Splits for Training, Validation, and Test Sets

To ensure that evaluation results are comparable, one should use the train-validation-test splits that we provide. There are two ways for splitting the data into training, validation, and test sets. The "./Data/Splits/5-Fold_split" folder contains five sub-folders. Each sub-folder provides three qrel files for training, validation, and test sets, respectively. The "./Data/Splits/Annotators_split" folder contains three qrel files for training, validation, and test sets, respectively.

Baselines for Discovery

We have evaluated two sparse retrieval models: (1) TF-IDF based cosine similarity, (2) BM25 and five dense retrieval models: (3) BGE, (4) GTE, (5) Contextualized late interaction over BERT (ColBERTv2), (6) coCondenser and (7) Dense Passage Retrieval (DPR). For reranking, we have evaluated three models: (1) Stella, (2) SFR-Embedding-Mistral, (3) GLM-4-Long, and (4) GLM-4-Air.

The details of the experiments are given in the corresponding section of our paper.

The "./Baselines" folder provides the results of each baseline method, where each JSON object is formatted as: {qdpair_id: {dataset_id: score, ...}, ...}.

Baselines for Explanation

We employed post-hoc explanation methods to identify which fields of the candidate dataset are relevant to the query or target dataset.

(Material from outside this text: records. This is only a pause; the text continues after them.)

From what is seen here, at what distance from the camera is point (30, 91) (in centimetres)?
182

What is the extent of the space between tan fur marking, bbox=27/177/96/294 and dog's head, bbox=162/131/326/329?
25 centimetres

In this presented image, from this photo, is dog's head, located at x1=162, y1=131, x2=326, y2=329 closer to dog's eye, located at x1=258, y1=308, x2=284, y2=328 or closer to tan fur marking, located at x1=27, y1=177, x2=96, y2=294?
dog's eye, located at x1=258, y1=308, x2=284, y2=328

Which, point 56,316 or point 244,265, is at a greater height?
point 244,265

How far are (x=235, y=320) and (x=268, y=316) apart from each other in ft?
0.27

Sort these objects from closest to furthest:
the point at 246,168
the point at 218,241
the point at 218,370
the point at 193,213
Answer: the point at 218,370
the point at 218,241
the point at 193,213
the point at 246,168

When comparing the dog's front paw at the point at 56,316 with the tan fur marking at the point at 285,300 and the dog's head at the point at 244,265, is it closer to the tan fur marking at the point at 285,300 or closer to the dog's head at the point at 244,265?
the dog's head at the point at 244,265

We have evaluated four different explainers, (1) feature ablation explainer, (2) LIME, (3) SHAP, (4) LLM, using F1-score, and the first three methods need to be combined with the retrieval models.

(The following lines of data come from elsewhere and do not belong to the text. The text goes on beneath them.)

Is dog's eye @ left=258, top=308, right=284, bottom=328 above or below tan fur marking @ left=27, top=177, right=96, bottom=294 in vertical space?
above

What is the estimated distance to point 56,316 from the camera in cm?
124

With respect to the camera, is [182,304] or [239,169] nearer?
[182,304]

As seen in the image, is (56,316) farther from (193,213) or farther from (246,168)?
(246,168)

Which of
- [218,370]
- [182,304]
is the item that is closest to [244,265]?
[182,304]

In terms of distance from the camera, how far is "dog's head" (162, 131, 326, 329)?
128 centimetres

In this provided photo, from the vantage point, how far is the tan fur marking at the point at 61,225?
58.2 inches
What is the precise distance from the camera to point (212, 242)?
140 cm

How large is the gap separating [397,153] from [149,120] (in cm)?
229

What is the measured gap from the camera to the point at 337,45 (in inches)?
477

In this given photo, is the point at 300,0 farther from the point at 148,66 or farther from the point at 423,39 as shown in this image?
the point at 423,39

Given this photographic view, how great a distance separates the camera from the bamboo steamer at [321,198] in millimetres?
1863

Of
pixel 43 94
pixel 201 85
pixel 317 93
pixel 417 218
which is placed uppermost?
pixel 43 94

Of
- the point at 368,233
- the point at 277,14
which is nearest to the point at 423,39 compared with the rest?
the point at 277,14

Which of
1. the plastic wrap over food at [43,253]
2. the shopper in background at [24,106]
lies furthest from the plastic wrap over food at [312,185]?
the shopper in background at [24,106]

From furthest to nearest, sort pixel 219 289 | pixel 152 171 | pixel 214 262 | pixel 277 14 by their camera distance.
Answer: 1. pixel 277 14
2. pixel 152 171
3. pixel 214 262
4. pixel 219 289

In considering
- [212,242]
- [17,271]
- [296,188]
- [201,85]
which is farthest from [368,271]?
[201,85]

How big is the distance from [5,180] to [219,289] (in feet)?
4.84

The "./Baselines" folder provides the results of each explainers, where each JSON object is formatted as: {qdpair_id: {dataset_id: {explanaion_type: [0,1,1,0,0], ...}, ...}, ...}.

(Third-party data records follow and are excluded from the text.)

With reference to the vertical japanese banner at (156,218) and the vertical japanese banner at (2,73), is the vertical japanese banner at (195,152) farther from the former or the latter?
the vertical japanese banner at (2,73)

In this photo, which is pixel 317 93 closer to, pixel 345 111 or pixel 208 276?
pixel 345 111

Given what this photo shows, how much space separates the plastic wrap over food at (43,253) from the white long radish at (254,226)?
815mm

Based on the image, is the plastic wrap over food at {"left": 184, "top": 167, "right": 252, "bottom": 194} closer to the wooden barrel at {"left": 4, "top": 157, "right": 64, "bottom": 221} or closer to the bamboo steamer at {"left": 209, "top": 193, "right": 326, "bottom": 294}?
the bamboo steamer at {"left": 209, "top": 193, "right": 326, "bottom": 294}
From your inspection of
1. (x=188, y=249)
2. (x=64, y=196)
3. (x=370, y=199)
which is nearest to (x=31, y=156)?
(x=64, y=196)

For specific experimental details and data, please refer to our paper.

Source Codes

All source codes of our implementation are provided in ./Code.

Dependencies

  • Python 3.9
  • rank-bm25
  • scikit-learn
  • sentence-transformers
  • faiss-gpu
  • ragatouille
  • tevatron
  • torch
  • shap
  • lime
  • zhipuai

Sparse Retrieval Models

See codes in ./Code/Retrieval/sparse.py for details.

Dense Retrieval Models

Unspervised Models

See codes in ./Code/Retrieval/unsupervised_dense.py for details.

Spervised Models

Explanation Methods

License

This project is licensed under the Apache License 2.0 - see the LICENSE file for details.